:: What to produce ::
Restate word for word the section of the entries that opens at the line containing "2 bed end terrace" and closes at the line containing "Stainless Steel Electric", both lines kept, pictures dropped.

:: Exercise materials ::
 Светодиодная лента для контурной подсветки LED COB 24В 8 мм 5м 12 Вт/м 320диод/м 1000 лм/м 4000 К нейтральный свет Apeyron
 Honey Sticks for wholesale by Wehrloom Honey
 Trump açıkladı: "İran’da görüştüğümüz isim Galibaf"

==

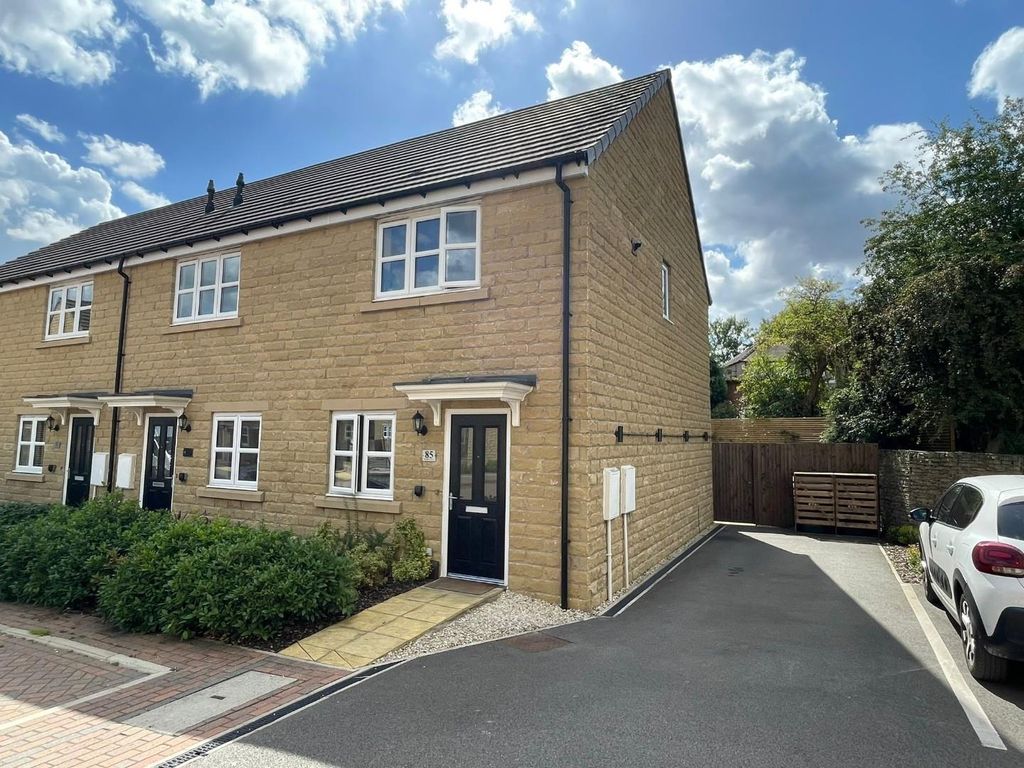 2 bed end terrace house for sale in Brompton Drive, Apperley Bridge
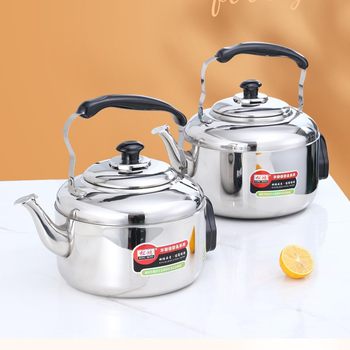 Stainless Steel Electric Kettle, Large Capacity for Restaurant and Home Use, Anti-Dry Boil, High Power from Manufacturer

--

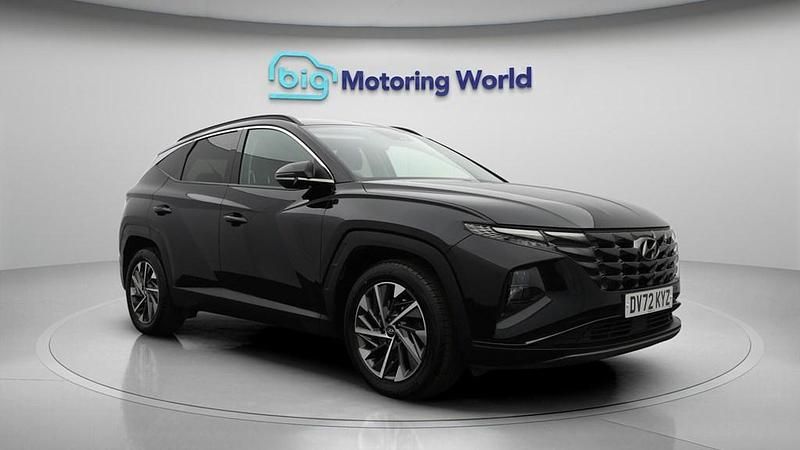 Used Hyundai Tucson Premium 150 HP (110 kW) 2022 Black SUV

:: Output of the task ::
 2 bed end terrace house for sale in Brompton Drive, Apperley Bridge
 Stainless Steel Electric Kettle, Large Capacity for Restaurant and Home Use, Anti-Dry Boil, High Power from Manufacturer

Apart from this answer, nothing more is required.